Side note: There is presently not reason to assume more than the face value of javascript validation (as stated on the page); As certain sites' sales may even be facilitated by certain robotic processes, it's usually not automatically assumed that data is being stolen -- They are probably happy when you follow what is delineated in fine print.

I don't think this is a PythonAnywhere thing. Sounds more like

  1. different library version
  2. the IP being checked more stringently because of too many accesses within a certain time period etc

It is also possible that other people on PythonAnywhere are also accessing the same site from the same PythonAnywhere IP and so you are getting less access attempts before being asked to validate again.

But in general, I would definitely agree with Glenn that any JS validation/check (eg: please fill in a captcha) to be guards against scraping.

Understood. While the same module versions are being used, what’s left are the underlying environmental variables (any differences [apparently aside from IPs]* in what is being sent to the website in the request) that are different within PythonAnywhere [1].

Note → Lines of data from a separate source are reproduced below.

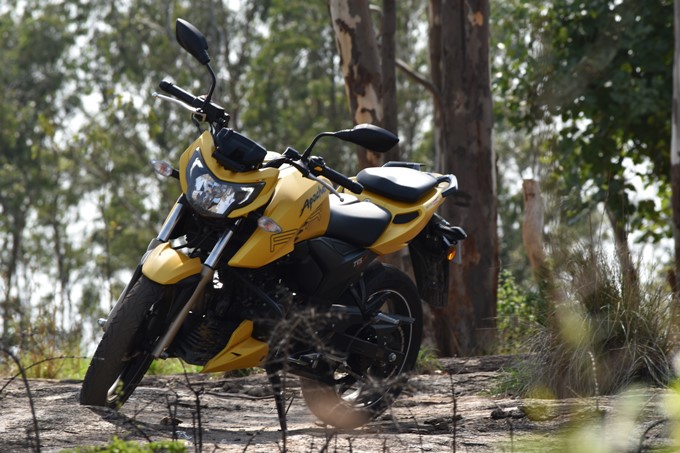 موتورسیکلت آپاچی 200؛ بررسی مشخصات فنی و نقاط قوت و ضعف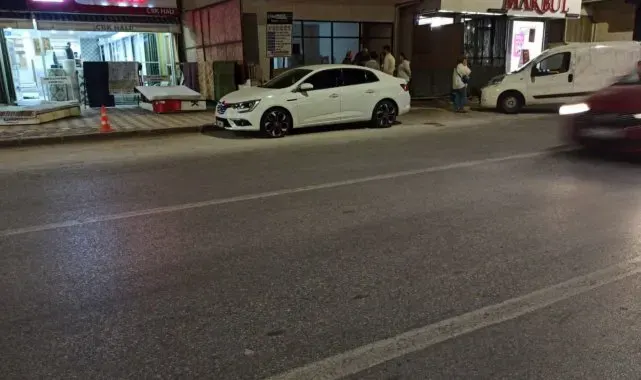 Ankara'da aracı ile çocuğun ayağının üzerinden geçen sürücü kalbine aldığı bıçak darbesiyle öldü
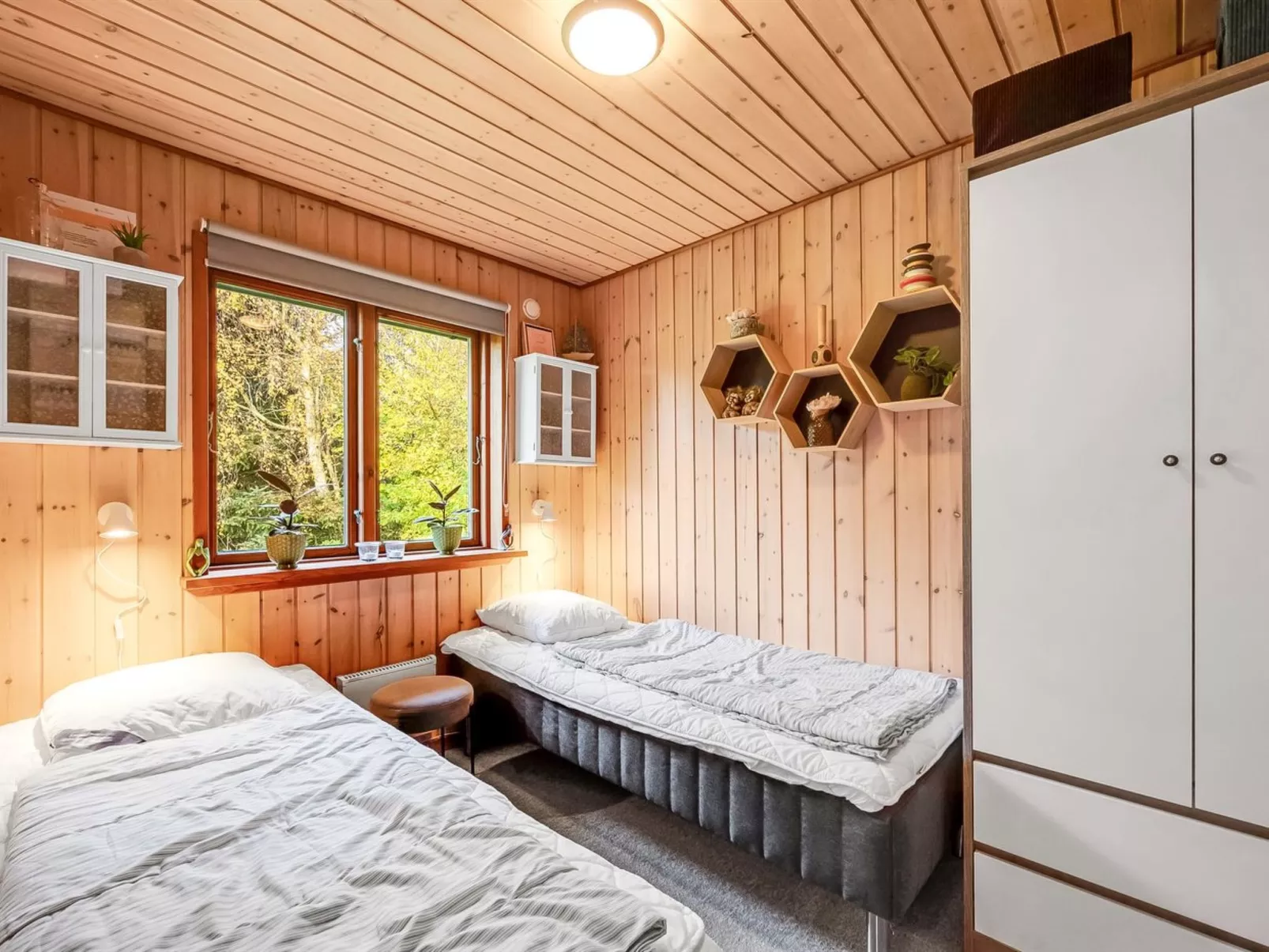 "Engeline" - 300m to the fjord-Binnen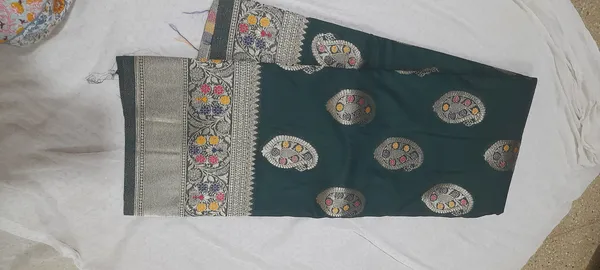 Bottle_Green_100%_Georgette_Saree_For_Women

*Key here is that the request works as launched as its own scheduled task but not when launched from within a thread started from a scheduled task [so it doesn’t initially appear to be the IP].

[1] — As finding and making use of these differences may be untenable, it’s understood that another path forward may be in order.

Thank you for all of your reviews. If they arise, any other details would be appreciated. Otherwise, it appears that there may be options to navigate from here.

Re: JS validation, Agreed: it’s clear that it is one of the purposes. My point was that it should be treated case-by-case, which I thought might be conveyed better than simply ‘They’re probably not happy with you scraping their site.’ If they can prevent anyone from easily taking the data they’ve collated or extenuating their resources, they should do that of course. It's not my goal to do either.